The mean life of 100 bulbs produced by the a company is
computed to be 1570 hours with standard deviation of 120 hours.
The company claims that the average life of bulbs produced by the
company is 1600 hours. using 5% level of significant , is the claim
acceptable?
To determine if the claim is acceptable at the 5% level of significance, we can perform a hypothesis test.
Null Hypothesis (H0): The average life of bulbs produced by the company is 1600 hours.

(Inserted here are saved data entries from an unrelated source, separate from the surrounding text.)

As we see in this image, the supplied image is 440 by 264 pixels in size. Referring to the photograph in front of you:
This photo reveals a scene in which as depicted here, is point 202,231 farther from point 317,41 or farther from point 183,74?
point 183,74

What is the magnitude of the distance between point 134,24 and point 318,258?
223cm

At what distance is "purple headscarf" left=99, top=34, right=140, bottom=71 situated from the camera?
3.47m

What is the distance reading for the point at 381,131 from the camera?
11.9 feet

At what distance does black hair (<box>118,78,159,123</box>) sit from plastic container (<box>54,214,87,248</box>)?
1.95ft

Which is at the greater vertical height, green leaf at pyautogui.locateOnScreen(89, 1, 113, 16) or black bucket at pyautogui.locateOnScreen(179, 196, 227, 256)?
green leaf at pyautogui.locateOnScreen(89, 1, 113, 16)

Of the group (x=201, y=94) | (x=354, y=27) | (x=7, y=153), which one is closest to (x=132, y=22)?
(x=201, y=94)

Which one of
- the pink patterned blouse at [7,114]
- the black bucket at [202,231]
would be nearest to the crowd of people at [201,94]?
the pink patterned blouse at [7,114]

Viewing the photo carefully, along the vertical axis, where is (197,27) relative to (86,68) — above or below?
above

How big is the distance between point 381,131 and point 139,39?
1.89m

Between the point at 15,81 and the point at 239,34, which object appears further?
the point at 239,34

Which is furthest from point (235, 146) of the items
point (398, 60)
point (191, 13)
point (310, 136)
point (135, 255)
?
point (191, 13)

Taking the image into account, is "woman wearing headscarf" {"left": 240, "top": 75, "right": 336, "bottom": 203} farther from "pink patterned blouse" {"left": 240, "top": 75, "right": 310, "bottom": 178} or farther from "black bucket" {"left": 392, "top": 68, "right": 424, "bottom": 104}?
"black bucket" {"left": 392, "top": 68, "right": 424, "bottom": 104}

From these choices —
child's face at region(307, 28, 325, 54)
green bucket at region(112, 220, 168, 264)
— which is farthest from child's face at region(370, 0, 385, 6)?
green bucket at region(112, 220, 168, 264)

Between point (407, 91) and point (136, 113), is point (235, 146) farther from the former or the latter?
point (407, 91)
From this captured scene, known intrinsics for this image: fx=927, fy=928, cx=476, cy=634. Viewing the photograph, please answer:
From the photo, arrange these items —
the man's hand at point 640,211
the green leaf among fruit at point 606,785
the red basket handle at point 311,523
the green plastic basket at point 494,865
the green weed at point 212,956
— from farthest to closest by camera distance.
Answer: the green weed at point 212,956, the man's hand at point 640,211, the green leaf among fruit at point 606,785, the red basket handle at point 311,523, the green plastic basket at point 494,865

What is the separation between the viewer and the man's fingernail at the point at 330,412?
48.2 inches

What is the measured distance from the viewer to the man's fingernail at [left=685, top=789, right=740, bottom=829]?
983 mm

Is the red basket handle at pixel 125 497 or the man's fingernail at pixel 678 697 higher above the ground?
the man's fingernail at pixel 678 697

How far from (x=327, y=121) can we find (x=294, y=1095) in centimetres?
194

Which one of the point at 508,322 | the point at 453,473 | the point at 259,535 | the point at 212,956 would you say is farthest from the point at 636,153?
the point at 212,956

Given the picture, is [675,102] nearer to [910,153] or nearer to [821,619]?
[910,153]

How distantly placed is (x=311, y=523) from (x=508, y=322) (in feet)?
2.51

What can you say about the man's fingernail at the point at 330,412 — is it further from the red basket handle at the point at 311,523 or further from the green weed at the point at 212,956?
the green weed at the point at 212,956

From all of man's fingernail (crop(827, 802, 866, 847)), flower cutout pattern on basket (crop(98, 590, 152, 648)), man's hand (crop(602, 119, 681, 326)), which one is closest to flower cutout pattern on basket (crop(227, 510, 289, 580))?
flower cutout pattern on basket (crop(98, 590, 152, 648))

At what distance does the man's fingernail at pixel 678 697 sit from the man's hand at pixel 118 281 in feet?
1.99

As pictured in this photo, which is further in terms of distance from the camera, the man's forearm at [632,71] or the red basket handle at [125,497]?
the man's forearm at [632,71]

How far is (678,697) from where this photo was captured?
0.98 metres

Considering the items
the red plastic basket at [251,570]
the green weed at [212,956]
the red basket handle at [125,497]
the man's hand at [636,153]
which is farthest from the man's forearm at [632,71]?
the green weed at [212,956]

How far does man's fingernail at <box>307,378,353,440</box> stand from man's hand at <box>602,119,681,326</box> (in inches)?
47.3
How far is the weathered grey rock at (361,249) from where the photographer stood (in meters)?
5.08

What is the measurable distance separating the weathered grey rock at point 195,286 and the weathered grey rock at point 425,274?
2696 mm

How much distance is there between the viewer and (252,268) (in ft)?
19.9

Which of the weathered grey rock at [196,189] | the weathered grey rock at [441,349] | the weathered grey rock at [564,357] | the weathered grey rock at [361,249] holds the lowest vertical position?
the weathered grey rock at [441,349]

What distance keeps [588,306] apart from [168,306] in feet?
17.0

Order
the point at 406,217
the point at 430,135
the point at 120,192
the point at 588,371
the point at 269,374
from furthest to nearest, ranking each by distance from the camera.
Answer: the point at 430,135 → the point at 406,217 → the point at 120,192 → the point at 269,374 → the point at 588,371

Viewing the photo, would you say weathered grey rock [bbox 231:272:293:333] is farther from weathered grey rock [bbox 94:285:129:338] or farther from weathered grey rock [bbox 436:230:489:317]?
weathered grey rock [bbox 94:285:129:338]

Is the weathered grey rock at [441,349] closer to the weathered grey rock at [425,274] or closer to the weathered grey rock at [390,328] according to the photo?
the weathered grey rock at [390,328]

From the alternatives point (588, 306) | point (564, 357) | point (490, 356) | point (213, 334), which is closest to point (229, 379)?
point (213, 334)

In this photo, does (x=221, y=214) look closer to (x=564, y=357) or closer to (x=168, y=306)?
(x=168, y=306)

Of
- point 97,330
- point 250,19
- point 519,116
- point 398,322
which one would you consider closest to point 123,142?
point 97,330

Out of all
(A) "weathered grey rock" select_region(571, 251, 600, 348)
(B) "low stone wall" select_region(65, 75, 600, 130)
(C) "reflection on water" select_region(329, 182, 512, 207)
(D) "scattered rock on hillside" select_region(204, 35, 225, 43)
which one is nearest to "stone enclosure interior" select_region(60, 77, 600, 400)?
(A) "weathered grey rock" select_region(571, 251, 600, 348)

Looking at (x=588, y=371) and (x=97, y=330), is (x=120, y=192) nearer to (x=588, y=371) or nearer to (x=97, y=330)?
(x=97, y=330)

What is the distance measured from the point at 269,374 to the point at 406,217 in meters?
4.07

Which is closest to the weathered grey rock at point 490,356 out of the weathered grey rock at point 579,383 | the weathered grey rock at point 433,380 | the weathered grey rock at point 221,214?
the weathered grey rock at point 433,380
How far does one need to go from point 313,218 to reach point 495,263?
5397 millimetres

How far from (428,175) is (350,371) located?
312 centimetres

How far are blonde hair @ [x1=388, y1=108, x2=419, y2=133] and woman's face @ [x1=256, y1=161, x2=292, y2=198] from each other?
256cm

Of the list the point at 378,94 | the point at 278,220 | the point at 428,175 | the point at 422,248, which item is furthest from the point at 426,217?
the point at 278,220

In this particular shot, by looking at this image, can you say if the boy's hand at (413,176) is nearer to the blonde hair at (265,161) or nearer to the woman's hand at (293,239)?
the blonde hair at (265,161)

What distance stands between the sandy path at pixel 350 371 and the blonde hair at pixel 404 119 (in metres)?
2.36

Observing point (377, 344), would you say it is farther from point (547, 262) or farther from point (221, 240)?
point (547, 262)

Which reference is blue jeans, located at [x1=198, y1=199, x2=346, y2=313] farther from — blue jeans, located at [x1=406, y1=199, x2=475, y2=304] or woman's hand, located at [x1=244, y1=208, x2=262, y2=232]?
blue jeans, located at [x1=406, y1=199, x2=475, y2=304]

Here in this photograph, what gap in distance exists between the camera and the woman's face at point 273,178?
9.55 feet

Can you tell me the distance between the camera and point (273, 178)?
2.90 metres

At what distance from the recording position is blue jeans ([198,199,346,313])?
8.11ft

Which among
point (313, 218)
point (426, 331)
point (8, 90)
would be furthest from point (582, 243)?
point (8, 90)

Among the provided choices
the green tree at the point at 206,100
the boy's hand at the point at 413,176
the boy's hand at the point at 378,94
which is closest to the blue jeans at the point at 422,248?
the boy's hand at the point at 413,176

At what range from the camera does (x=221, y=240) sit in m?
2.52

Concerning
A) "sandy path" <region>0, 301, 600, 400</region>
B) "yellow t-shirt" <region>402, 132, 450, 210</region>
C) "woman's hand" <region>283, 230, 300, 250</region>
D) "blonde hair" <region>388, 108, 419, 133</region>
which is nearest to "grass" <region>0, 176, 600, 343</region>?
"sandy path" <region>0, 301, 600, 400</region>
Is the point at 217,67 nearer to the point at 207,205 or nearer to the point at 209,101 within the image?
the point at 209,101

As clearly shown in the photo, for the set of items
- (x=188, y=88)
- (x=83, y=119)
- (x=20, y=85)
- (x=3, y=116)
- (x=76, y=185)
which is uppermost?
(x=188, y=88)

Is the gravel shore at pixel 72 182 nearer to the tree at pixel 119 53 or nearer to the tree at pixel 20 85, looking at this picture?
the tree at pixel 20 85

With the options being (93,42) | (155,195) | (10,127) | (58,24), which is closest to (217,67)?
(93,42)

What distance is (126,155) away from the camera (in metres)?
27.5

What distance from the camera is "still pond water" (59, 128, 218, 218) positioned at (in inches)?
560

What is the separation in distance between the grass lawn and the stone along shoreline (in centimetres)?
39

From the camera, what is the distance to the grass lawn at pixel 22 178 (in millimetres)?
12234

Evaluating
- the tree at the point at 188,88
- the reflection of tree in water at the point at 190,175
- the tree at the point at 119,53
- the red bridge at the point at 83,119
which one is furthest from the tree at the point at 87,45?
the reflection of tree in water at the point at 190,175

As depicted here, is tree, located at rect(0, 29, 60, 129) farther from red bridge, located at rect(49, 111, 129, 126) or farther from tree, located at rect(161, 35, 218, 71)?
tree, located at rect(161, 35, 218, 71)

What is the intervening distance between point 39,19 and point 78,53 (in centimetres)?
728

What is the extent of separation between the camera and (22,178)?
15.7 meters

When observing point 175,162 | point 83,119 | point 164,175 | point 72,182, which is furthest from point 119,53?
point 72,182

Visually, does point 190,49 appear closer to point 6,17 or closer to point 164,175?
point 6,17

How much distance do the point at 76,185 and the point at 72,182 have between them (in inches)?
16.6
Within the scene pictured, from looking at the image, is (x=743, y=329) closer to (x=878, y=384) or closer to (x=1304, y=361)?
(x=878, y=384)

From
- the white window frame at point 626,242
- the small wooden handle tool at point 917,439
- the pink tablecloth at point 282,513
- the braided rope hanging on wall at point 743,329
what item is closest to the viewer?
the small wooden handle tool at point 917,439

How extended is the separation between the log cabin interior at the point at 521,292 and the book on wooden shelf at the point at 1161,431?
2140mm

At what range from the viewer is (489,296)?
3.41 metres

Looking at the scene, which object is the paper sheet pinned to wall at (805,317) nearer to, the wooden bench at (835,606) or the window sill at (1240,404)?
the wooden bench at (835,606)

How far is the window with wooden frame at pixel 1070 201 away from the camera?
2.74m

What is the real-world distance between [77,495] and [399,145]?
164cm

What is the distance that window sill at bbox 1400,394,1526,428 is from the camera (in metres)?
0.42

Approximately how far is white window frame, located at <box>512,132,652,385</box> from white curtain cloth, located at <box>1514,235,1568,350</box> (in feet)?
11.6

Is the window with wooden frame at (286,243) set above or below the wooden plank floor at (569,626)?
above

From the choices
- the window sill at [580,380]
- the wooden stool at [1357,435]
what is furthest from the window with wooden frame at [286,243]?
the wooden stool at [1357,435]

Alternative Hypothesis (H1): The average life of bulbs produced by the company is not 1600 hours.
We can set up the test statistic as follows:
t = (x̄ - μ) / (s / √n)
Where:
x̄ = sample mean (1570 hours)
μ = population mean (1600 hours)
s = standard deviation of the population (120 hours)
n = sample size (100 bulbs)
t = (1570 - 1600) / (120 / √100)
t = -30 / 12
t = -2.5
Now we can compare the calculated t-value with the critical t-value at 5% level of significance for a two-tailed test with 99 degrees of freedom. From a t-table, we find that the critical t-value is approximately ±2.626.
Since -2.5 falls outside of the range (-2.626, 2.626), we reject the null hypothesis.
Therefore, we have enough evidence to conclude that the claim made by the company (average life of bulbs produced by the company is 1600 hours) is not acceptable at the 5% level of significance.